Task details: Reproduce exactly the lines below from the one containing "PARDUODAMI SUBLOKUOTI NAMAI" through the one containing "TAMSY - Angelina", including both, and nothing else.

BEGIN Exercise input

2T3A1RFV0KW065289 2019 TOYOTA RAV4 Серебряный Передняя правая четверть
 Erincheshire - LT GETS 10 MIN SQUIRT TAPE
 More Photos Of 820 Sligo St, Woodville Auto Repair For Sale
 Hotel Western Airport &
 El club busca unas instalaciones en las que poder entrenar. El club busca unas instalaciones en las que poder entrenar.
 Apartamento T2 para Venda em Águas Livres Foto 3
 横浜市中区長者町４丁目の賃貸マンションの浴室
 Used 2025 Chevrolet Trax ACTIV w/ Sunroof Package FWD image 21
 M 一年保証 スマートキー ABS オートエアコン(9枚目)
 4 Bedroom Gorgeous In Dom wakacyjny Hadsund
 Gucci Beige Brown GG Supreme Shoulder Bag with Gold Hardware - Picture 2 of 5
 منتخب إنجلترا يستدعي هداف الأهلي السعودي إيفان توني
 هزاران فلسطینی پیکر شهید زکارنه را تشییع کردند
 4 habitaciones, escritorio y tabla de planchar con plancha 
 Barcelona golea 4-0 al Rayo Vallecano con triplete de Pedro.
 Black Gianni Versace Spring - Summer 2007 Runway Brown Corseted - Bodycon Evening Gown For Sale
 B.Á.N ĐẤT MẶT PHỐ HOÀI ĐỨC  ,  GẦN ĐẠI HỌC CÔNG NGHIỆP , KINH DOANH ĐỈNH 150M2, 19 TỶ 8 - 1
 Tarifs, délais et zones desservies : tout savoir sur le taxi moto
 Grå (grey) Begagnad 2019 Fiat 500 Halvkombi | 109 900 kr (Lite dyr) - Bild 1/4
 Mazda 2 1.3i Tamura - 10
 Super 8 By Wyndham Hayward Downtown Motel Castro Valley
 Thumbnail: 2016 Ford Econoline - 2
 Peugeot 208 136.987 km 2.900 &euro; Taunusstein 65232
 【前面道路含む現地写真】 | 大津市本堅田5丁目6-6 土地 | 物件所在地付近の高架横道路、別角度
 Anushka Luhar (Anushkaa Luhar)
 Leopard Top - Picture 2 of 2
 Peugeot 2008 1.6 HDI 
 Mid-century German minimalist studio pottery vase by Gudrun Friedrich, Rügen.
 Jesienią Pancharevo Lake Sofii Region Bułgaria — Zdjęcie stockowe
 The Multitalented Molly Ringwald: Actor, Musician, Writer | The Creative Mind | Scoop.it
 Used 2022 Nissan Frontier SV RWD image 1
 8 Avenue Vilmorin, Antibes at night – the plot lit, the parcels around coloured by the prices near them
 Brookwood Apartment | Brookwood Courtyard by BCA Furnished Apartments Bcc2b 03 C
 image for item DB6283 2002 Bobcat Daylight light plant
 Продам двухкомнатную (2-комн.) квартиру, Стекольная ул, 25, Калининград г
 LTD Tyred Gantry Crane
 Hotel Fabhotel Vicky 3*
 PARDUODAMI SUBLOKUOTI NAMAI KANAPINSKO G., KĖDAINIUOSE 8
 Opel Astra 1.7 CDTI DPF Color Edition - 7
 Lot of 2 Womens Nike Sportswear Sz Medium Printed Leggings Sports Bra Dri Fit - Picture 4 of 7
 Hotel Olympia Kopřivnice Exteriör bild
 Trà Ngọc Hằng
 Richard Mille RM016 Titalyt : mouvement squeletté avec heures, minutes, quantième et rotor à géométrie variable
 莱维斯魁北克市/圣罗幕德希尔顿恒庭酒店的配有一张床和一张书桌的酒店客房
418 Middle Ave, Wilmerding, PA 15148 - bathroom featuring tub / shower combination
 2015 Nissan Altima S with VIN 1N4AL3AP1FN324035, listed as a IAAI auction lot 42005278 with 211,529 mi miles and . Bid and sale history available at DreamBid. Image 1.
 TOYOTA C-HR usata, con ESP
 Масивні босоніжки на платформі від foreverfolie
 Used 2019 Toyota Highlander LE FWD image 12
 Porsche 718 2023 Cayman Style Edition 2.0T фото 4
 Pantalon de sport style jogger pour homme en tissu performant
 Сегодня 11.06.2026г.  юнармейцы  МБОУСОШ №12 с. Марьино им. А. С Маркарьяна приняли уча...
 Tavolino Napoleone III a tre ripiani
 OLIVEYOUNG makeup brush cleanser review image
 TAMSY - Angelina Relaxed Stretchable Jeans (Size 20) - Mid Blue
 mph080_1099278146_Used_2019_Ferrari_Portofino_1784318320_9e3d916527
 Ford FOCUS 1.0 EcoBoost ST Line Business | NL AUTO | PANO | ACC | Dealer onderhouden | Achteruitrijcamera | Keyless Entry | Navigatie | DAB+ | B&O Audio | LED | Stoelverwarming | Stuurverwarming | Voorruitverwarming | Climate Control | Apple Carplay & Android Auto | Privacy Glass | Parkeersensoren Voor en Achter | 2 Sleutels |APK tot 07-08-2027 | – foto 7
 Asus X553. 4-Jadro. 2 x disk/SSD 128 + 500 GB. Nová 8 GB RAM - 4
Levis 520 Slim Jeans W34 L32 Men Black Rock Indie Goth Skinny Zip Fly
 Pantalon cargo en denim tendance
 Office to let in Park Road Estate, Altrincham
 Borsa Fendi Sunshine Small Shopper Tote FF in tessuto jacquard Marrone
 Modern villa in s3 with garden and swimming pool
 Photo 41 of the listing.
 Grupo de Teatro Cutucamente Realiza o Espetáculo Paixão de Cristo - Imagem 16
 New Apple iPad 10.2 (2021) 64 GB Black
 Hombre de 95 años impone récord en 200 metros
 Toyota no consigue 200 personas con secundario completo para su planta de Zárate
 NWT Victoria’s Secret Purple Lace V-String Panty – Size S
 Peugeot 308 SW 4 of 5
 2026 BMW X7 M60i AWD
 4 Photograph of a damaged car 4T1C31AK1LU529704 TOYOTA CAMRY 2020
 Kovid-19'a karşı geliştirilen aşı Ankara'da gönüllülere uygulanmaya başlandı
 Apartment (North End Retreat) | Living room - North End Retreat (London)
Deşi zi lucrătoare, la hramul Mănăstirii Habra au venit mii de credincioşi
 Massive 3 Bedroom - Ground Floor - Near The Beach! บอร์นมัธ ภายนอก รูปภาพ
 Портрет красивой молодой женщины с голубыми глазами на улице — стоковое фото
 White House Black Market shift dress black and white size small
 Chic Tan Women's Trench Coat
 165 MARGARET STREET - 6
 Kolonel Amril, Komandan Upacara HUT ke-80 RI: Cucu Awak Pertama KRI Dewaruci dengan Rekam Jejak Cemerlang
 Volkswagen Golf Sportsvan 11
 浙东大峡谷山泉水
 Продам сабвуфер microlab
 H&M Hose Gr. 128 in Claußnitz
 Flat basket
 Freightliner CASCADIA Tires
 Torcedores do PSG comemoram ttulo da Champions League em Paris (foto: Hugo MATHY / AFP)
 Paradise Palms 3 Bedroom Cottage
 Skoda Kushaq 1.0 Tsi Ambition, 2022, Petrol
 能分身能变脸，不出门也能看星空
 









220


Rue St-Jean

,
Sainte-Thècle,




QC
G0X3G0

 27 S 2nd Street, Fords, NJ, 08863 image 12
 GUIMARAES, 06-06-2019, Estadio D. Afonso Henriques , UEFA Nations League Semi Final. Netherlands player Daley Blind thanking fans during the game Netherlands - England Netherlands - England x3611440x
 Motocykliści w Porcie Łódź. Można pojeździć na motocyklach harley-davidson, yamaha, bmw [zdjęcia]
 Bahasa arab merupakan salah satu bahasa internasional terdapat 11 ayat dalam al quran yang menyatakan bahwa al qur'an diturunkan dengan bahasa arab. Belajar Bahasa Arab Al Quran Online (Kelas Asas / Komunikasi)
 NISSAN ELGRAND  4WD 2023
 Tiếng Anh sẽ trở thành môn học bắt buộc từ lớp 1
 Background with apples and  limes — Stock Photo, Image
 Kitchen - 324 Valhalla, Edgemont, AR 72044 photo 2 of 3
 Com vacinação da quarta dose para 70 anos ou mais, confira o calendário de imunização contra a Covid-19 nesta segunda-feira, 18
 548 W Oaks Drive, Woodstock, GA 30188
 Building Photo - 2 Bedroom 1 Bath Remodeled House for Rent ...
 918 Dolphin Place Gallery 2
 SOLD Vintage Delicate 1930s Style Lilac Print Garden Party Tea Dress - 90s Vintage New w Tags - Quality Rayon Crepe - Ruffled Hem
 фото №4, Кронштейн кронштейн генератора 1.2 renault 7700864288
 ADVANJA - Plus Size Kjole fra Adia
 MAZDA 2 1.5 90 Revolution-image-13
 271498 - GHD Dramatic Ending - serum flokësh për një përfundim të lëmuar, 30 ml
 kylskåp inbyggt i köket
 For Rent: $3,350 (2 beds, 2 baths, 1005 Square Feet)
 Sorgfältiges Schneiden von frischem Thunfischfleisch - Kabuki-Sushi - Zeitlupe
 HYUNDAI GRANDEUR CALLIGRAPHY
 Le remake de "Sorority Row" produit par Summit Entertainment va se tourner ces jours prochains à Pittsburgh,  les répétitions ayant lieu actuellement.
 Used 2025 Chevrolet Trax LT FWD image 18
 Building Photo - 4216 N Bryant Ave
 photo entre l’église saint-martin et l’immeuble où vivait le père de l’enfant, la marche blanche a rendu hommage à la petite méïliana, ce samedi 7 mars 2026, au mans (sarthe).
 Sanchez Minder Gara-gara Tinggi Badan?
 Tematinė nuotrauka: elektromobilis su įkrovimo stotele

END Exercise input

Response area:
 PARDUODAMI SUBLOKUOTI NAMAI KANAPINSKO G., KĖDAINIUOSE 8
 Opel Astra 1.7 CDTI DPF Color Edition - 7
 Lot of 2 Womens Nike Sportswear Sz Medium Printed Leggings Sports Bra Dri Fit - Picture 4 of 7
 Hotel Olympia Kopřivnice Exteriör bild
 Trà Ngọc Hằng
 Richard Mille RM016 Titalyt : mouvement squeletté avec heures, minutes, quantième et rotor à géométrie variable
 莱维斯魁北克市/圣罗幕德希尔顿恒庭酒店的配有一张床和一张书桌的酒店客房
418 Middle Ave, Wilmerding, PA 15148 - bathroom featuring tub / shower combination
 2015 Nissan Altima S with VIN 1N4AL3AP1FN324035, listed as a IAAI auction lot 42005278 with 211,529 mi miles and . Bid and sale history available at DreamBid. Image 1.
 TOYOTA C-HR usata, con ESP
 Масивні босоніжки на платформі від foreverfolie
 Used 2019 Toyota Highlander LE FWD image 12
 Porsche 718 2023 Cayman Style Edition 2.0T фото 4
 Pantalon de sport style jogger pour homme en tissu performant
 Сегодня 11.06.2026г.  юнармейцы  МБОУСОШ №12 с. Марьино им. А. С Маркарьяна приняли уча...
 Tavolino Napoleone III a tre ripiani
 OLIVEYOUNG makeup brush cleanser review image
 TAMSY - Angelina Relaxed Stretchable Jeans (Size 20) - Mid Blue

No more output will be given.